--- TRY IT ---
Leave the pictures aside and copy all the data exactly.

START INPUT DATA

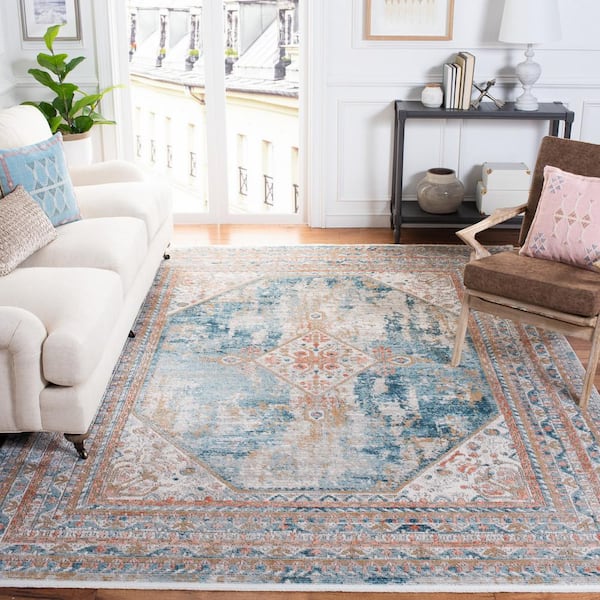 Shivan Blue/Gray 9 ft. x 12 ft. Floral Medallion Area Rug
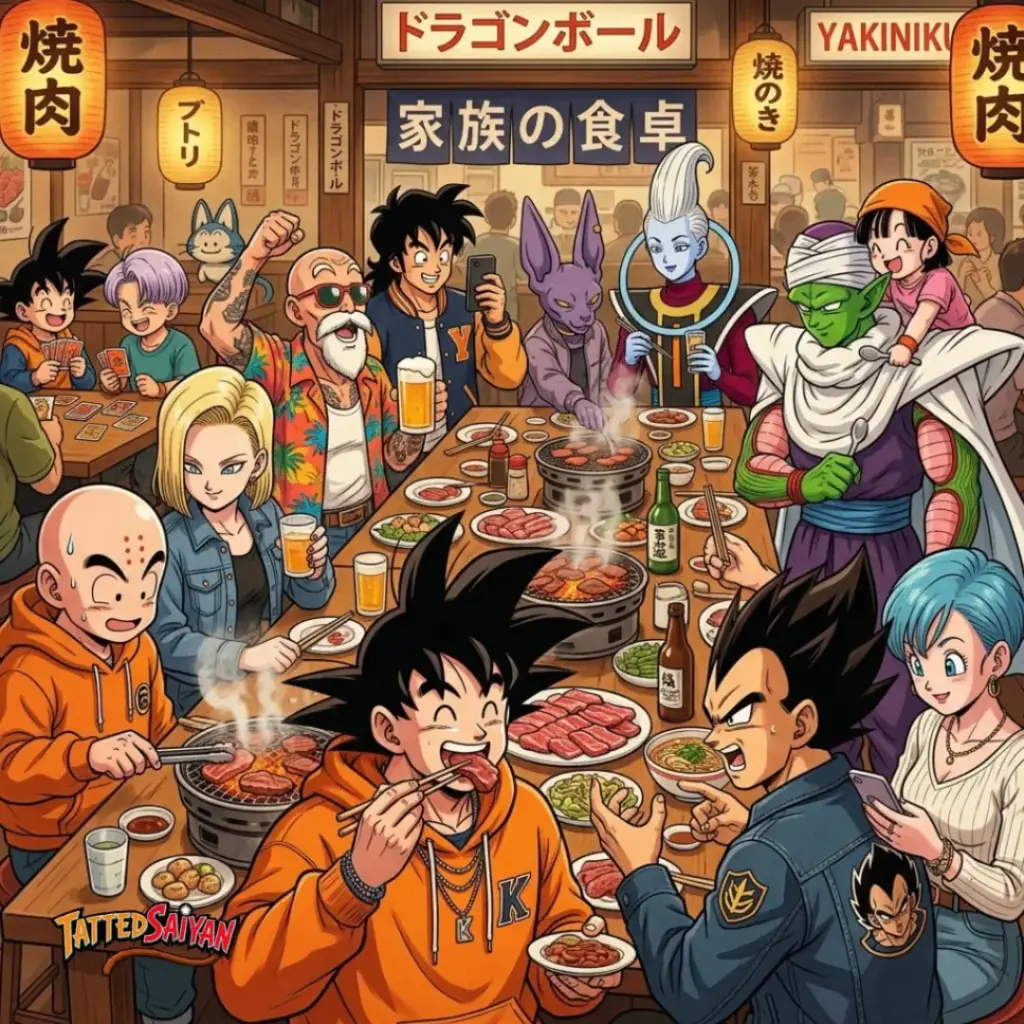 Dragon Ball Z Characters Eating Bbq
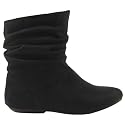 Womens Suede Ruched Ankle Boots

END INPUT DATA

--- SOLUTION TO THE EXERCISE ---
 Shivan Blue/Gray 9 ft. x 12 ft. Floral Medallion Area Rug
 Dragon Ball Z Characters Eating Bbq
 Womens Suede Ruched Ankle Boots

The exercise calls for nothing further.